4.9.07

Cinema em casa
(é daí que surgem as fofocas)

Uma mulher briga com um cara. Ela está num porão. Ele parado em frente ao porão, segurando uma bicicleta. A irmã da mulher tenta acalmar os dois. Segura um de cada lado, em vão. As crianças choram! Elas espiam o acontecido por meio da janela da parte de cima da casa. O homem suplica para “voltar”. Ele permanece parado em frente ao porão, junto à bicicleta, sua fiel escudeira; acompanhado de uma mala, que permanece jogada na grama. De repente, a mulher se vira, olha para o prédio em frente, e grita:
- Virou atração do centro agora!?!? Vão dormir!
E eu era uma das duas pessoas xingadas pela mulher.
O fato aconteceu e juro de pés juntos que é verdade. Comecemos do princípio, para reinar a redundância (afinal, o mundo é feito delas)...
Estava eu no vizinho, assistindo ao novo filme do Wim Wenders, Estrela Solitária. De repente, olho pro vizinho e digo:
- Escuta só, tem alguém discutindo.

Então ouvimos um barulho de algo sendo atirado ao chão, tipo uma panela; seguido dos gritos de “sai daqui!!!”, com muita fúria. Aquele “Sai daqui!!!” de voz aguda e penetrante. Corremos para a janela. Vimos uma mulher com os cabelos alardeados pelo fogo do momento. Em resumo: estavam um tufo. A casa onde ela fazia o espetáculo tem dois pisos. Em cima sala e quartos, embaixo porão. E ela estava no porão (um porão equipado). O cara que ela xingava permanecia calmamente levando tapas parado ao lado de sua bicicleta. Mais chaleiras voaram. Então o homem pegou a bicicleta e foi embora. A mulher continuou xingando. Foi então que nos viu na janela e proferiu o xixi.

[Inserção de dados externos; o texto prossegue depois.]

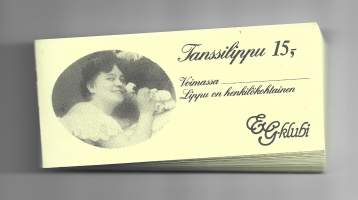 EG klubi  Turku tanssilippu -( Elli ja Gunnar) - täysi 100 kpl nippu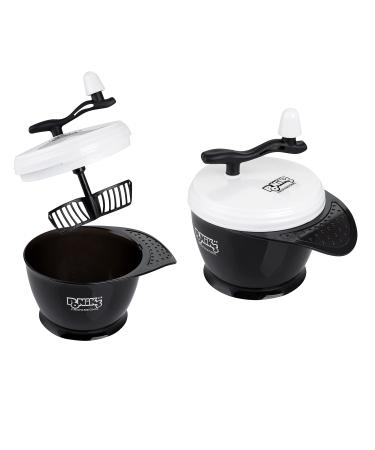 Ponik's - manual tint mixer |Friseurfarf |Hair color mixing shells |Hairy displacement |Ideal for hairdressing salon |Hair color mixer |Black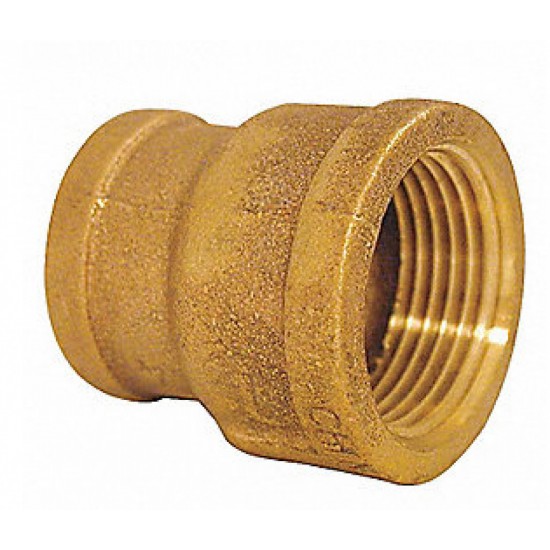 1 in. x 0.75 in. Brass Coupling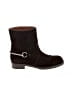 Gucci 100% Leather Solid Brown Suede Ankle Boots Size EU (IT) 38 1/2 / US 8 1/2 - photo 1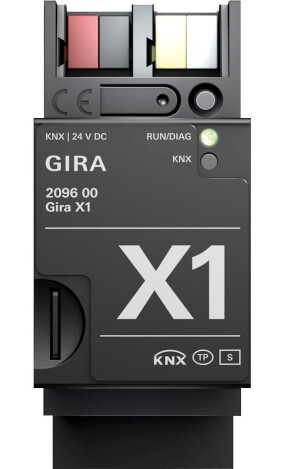 Software-Upgrades befähigen Giras X1 KNX-Server für größere Objekte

- Virou atração do centro agora!?!? Vão dormir!
Meu vizinho largou num sussurro:
- Mas como, com esse barulho?

Nossa curiosidade foi maior do que a discrição permite. Desligamos as luzes da casa e fomos espiar por uma outra janelinha. A mulher empurrava os filhos para dentro de casa:

- Entrem! Entrem!

- Não mãe! Quero ficar aqui! – dizia um gurizinho de uns quatro anos.

- Já falei pra entrar!

Os filhos entraram. Não havia a menor possibilidade de conversar com a mulher. Os pais dela limitavam-se a dar uma espiada na janela. E ela lá embaixo, feito uma onça! Gritava, jogava coisas, bufava. Se fosse desenho animado sairia fumaça e poeirinha do porão. Dali uns minutos volta o cara de bicicleta. A mulher se esconde. Descompõe o cara permanecendo escondida.
Ele, pacientemente, pega a mala e senta em cima dela. E espera. Como ela não abre, ele guardou a bicicleta na escuridão, camuflou a mala atrás de uma árvore-capim e deitou ali. Fez da mala seu travesseiro. Já fiquei com pena do cara, apesar de que todos os indícios mostravam que ele era o cafajeste da história.

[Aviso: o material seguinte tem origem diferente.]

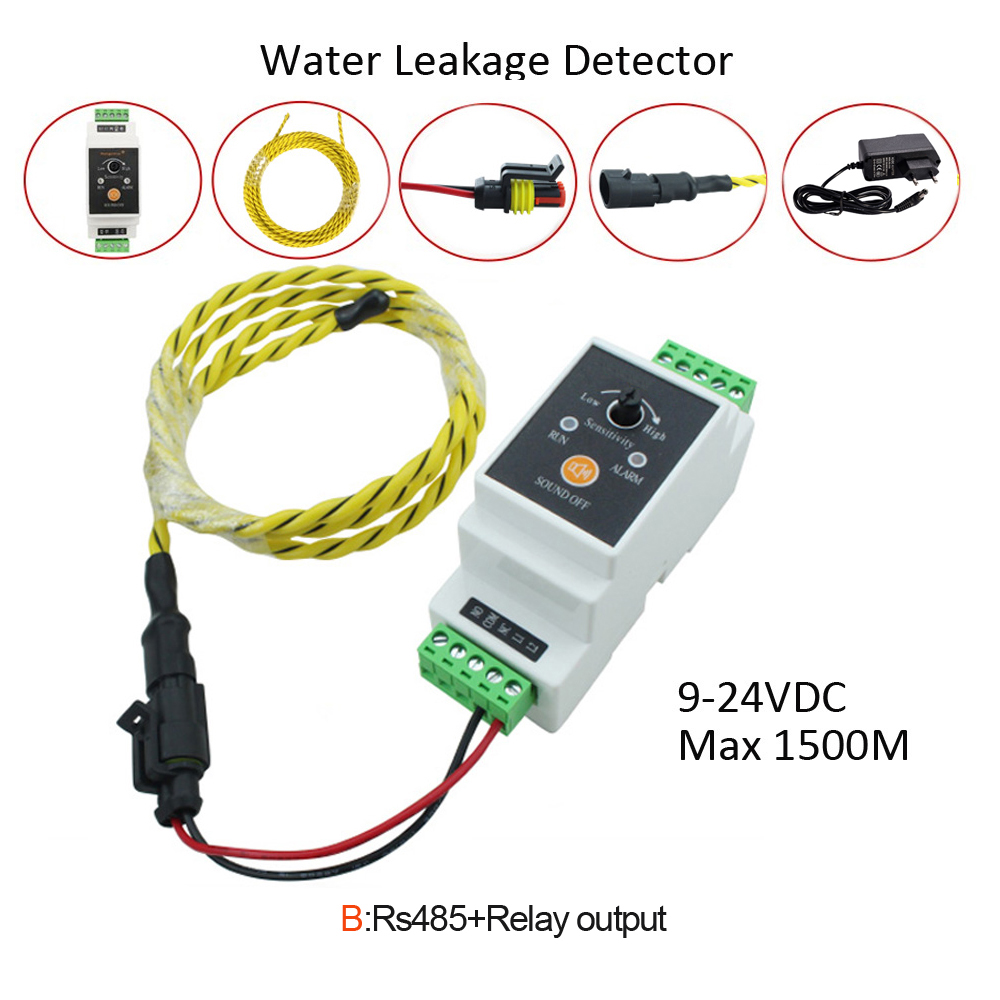 1 Juego de Detector de fugas d - Water Leak Detector Wired reseña y precio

O show aparentemente havia terminado. Voltamos ao filme. A cada pouco se ouvia um grunhido da mulher. Fui pra casa. Ao deitar, escutei ela:
- Não vai ir embora?
Deu mais umas bufadinhas e caiu no cansaço. Eu também. No outro dia, quando acordei, olhei para a casa. Ela estava silenciosa. A mãe da mulher lavava a calçada quieta. As crianças não brincavam na rua como todos os dias. Uma mulher – a irmã, que tentava apartar os briguentos – estava murcha, sentada a um canto olhando para o nada. De tarde, ao sair de casa, passei pela frente do porão (é o meu caminho diário). Vi que as coisas voltavam a se arrumar por ali. Fiquei com medo de encontrar a mulher brava, mas, ainda bem, ela não estava ali. Talvez estivesse no quarto, remoendo o espetáculo e o amor. E eu a espiada.